Work to be completed:
Only those lines running from the start of the listing below through the line that holds "THE NORTH FACE JACKET (M)" are to be written out, exactly and in full.

** Source information follows **

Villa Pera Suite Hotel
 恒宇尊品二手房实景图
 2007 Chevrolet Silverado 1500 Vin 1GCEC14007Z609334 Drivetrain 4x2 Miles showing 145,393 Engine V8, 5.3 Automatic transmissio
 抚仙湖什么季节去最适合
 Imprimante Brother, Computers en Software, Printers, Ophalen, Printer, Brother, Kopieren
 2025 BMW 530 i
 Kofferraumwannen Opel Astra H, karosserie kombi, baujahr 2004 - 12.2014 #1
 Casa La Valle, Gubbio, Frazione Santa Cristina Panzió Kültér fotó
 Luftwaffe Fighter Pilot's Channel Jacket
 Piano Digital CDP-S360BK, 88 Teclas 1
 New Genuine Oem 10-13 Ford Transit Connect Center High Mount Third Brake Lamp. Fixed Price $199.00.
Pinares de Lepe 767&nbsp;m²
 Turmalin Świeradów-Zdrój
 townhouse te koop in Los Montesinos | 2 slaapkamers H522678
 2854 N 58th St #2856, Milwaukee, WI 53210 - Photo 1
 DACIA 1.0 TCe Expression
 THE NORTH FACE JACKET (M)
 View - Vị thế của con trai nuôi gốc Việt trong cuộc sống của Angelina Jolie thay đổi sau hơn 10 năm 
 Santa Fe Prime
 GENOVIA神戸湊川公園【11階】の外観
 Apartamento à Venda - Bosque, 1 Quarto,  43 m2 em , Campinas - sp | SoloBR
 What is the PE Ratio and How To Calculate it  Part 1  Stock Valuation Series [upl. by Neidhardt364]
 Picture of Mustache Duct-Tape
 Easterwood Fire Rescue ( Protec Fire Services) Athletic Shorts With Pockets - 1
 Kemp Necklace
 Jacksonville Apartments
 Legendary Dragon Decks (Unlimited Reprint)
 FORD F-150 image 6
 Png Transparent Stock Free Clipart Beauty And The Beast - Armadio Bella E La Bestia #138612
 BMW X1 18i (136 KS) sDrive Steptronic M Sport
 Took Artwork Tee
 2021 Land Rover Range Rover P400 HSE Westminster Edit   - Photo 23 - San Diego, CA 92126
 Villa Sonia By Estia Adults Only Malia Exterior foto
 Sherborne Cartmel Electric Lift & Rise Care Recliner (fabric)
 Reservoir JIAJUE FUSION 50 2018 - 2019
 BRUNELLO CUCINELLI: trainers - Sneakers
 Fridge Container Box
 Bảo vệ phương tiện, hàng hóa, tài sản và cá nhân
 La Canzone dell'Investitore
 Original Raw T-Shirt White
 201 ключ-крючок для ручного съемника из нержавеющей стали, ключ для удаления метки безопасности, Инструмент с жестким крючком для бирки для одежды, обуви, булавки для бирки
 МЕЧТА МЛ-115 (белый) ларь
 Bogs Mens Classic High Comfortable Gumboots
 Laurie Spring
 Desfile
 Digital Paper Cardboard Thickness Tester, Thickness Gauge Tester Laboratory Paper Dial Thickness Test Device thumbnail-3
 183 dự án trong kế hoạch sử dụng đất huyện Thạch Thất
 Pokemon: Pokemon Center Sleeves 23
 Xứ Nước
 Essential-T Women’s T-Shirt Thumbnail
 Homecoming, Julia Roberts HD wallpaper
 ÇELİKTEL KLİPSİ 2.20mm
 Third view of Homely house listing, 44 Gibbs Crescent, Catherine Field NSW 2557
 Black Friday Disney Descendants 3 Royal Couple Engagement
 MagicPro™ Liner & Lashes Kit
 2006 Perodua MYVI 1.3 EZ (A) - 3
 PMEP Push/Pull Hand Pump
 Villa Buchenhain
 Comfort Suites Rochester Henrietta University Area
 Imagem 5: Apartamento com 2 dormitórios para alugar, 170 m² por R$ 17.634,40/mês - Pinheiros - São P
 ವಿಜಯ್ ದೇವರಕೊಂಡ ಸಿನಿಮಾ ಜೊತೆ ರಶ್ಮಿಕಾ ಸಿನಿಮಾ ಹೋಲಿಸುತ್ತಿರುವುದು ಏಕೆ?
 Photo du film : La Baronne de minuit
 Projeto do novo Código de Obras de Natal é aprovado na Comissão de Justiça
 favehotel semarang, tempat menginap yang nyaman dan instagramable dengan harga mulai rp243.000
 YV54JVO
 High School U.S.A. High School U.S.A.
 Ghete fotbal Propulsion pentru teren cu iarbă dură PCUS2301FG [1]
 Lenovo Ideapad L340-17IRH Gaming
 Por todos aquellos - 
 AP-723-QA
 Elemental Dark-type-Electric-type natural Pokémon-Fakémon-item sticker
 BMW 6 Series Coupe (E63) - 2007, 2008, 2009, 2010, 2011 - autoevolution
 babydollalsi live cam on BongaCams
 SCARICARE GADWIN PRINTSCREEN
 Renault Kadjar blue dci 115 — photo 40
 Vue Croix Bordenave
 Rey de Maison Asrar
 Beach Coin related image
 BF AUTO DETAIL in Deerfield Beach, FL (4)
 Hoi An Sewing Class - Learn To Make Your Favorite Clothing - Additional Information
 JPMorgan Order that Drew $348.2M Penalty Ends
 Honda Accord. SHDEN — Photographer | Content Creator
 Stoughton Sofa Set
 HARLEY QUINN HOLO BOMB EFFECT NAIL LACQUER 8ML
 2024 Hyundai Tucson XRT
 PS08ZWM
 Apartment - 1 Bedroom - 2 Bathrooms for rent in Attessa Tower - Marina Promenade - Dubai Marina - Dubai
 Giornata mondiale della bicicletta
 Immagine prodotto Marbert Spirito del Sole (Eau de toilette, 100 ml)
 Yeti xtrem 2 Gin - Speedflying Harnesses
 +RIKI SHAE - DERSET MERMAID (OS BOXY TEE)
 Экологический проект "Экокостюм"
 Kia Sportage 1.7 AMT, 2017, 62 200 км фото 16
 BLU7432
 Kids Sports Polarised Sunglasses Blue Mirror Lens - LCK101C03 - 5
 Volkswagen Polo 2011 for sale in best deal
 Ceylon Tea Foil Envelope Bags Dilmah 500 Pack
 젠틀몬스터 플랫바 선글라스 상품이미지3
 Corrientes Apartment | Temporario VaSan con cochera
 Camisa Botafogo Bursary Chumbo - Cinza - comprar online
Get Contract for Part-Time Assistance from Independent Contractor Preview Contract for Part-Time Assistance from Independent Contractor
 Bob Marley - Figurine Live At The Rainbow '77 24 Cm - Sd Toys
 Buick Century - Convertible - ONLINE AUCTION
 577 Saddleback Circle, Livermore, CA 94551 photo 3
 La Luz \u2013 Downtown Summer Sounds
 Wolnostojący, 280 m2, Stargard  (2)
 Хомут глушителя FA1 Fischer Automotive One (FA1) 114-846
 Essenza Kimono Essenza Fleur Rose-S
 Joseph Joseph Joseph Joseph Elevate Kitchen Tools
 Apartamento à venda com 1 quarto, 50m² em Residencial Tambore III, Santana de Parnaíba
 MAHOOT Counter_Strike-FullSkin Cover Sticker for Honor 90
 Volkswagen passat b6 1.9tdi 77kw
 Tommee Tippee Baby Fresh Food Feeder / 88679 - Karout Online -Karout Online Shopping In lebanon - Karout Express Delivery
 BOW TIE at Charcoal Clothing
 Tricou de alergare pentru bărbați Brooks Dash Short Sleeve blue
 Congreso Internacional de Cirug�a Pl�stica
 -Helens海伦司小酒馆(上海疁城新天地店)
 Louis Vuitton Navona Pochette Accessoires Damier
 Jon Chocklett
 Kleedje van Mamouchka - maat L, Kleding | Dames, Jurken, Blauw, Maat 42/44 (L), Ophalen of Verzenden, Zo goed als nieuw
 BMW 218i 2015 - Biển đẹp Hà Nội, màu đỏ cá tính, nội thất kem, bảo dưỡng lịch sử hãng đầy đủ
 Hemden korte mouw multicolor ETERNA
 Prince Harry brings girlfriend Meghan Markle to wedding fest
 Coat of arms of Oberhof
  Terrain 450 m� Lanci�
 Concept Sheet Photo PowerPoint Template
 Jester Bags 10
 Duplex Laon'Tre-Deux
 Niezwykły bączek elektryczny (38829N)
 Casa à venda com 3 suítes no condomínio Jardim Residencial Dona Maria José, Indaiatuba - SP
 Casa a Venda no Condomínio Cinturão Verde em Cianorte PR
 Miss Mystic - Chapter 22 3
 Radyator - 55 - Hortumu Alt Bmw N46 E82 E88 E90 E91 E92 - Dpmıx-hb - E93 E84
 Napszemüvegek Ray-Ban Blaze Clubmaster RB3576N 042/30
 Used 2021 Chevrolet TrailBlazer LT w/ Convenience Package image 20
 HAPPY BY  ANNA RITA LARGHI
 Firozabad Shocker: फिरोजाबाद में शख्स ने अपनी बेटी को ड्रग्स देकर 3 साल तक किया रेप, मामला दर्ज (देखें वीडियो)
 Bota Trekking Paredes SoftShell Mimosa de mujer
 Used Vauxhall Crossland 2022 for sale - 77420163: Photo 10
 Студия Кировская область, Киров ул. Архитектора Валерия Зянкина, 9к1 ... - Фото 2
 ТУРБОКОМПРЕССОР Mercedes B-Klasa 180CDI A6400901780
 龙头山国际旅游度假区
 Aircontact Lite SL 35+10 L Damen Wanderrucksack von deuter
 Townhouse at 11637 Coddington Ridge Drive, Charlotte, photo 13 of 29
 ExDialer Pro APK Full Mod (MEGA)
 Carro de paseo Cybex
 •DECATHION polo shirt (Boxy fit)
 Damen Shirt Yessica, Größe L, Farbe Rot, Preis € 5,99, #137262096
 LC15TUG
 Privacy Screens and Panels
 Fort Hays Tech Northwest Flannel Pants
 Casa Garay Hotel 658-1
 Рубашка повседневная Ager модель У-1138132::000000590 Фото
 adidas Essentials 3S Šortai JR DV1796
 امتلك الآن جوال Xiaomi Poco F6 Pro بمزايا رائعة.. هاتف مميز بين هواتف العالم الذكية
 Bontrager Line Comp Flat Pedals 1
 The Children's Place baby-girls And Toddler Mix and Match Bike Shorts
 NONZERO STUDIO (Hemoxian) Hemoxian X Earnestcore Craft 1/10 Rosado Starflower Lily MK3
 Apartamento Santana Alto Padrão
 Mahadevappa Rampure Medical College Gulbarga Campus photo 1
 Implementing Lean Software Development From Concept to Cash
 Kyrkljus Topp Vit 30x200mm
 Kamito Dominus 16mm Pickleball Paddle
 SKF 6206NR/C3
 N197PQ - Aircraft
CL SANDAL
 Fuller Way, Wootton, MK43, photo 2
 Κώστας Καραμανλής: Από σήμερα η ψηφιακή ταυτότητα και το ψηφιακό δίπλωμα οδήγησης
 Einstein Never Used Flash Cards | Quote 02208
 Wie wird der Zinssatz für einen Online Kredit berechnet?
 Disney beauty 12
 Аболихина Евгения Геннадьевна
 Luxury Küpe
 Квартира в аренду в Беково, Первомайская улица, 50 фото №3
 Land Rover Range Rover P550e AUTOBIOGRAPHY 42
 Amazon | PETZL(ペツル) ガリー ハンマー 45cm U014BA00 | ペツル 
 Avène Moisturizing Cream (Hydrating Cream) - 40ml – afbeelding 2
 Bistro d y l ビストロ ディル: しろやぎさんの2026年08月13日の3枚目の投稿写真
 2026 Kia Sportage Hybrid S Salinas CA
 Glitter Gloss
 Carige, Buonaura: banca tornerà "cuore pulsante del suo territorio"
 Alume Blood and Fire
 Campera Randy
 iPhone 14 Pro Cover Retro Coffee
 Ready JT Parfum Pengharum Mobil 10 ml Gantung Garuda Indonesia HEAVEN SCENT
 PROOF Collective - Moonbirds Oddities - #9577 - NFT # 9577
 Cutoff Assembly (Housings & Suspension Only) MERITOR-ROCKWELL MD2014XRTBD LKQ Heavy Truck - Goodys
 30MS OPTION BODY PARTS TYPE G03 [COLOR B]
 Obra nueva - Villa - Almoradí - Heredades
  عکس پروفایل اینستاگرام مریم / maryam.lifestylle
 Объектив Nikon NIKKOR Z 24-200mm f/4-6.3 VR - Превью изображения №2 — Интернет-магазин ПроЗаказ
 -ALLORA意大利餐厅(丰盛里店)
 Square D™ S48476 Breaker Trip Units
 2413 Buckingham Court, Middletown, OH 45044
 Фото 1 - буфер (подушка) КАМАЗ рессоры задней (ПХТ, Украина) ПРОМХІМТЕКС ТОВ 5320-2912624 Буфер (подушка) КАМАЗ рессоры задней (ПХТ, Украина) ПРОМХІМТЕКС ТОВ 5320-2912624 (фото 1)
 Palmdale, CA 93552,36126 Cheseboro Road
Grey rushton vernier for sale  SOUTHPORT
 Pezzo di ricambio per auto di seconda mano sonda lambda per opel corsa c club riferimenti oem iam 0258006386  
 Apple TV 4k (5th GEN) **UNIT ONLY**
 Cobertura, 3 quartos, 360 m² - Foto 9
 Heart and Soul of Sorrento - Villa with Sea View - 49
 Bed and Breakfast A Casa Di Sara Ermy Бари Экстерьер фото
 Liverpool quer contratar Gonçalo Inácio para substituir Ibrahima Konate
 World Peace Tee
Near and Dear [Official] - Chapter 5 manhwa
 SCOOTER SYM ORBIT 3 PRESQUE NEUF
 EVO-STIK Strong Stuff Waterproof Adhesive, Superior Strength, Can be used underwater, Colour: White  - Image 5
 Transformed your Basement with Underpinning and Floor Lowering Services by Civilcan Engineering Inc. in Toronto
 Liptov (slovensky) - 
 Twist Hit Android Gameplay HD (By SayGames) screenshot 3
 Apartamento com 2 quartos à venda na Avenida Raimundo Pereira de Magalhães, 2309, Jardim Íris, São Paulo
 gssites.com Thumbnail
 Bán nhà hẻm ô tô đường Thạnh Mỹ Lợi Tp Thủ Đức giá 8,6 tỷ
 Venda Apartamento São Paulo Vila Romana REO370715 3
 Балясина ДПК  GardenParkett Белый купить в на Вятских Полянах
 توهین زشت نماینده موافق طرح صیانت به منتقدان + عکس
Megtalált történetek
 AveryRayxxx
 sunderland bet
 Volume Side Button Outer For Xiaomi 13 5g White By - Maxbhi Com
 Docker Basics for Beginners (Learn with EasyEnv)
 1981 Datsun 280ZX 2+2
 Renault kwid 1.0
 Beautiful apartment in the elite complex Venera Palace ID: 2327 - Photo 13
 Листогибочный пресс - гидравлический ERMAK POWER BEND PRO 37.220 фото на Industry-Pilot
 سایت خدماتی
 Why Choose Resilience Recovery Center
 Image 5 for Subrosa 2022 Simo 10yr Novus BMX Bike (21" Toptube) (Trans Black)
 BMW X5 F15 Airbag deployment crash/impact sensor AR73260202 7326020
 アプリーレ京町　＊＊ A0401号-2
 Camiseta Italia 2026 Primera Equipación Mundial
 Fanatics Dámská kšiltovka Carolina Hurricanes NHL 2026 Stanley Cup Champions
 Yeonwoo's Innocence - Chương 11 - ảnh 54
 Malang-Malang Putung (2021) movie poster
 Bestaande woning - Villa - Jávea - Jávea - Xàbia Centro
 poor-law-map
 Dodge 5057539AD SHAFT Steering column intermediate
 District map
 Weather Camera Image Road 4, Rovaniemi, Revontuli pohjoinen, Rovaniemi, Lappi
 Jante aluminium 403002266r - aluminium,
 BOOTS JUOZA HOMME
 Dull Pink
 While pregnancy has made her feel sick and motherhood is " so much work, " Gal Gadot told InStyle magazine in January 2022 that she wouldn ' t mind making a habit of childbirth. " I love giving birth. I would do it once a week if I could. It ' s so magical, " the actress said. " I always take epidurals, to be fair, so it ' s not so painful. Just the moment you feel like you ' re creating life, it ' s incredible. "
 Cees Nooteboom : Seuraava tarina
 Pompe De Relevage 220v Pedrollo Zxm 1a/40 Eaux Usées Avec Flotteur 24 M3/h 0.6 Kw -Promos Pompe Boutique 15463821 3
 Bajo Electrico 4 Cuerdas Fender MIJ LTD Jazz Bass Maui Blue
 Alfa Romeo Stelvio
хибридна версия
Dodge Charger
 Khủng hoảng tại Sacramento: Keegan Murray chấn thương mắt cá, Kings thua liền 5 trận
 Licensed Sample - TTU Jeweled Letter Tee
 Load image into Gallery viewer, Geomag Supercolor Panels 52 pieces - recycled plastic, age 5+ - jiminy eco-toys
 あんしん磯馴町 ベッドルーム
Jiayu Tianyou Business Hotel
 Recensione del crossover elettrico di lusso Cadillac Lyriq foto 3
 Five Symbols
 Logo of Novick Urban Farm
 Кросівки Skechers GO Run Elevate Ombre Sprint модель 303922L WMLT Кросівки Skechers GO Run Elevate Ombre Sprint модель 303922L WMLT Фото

** End of Source information **

Result for this task:
Villa Pera Suite Hotel
 恒宇尊品二手房实景图
 2007 Chevrolet Silverado 1500 Vin 1GCEC14007Z609334 Drivetrain 4x2 Miles showing 145,393 Engine V8, 5.3 Automatic transmissio
 抚仙湖什么季节去最适合
 Imprimante Brother, Computers en Software, Printers, Ophalen, Printer, Brother, Kopieren
 2025 BMW 530 i
 Kofferraumwannen Opel Astra H, karosserie kombi, baujahr 2004 - 12.2014 #1
 Casa La Valle, Gubbio, Frazione Santa Cristina Panzió Kültér fotó
 Luftwaffe Fighter Pilot's Channel Jacket
 Piano Digital CDP-S360BK, 88 Teclas 1
 New Genuine Oem 10-13 Ford Transit Connect Center High Mount Third Brake Lamp. Fixed Price $199.00.
Pinares de Lepe 767&nbsp;m²
 Turmalin Świeradów-Zdrój
 townhouse te koop in Los Montesinos | 2 slaapkamers H522678
 2854 N 58th St #2856, Milwaukee, WI 53210 - Photo 1
 DACIA 1.0 TCe Expression
 THE NORTH FACE JACKET (M)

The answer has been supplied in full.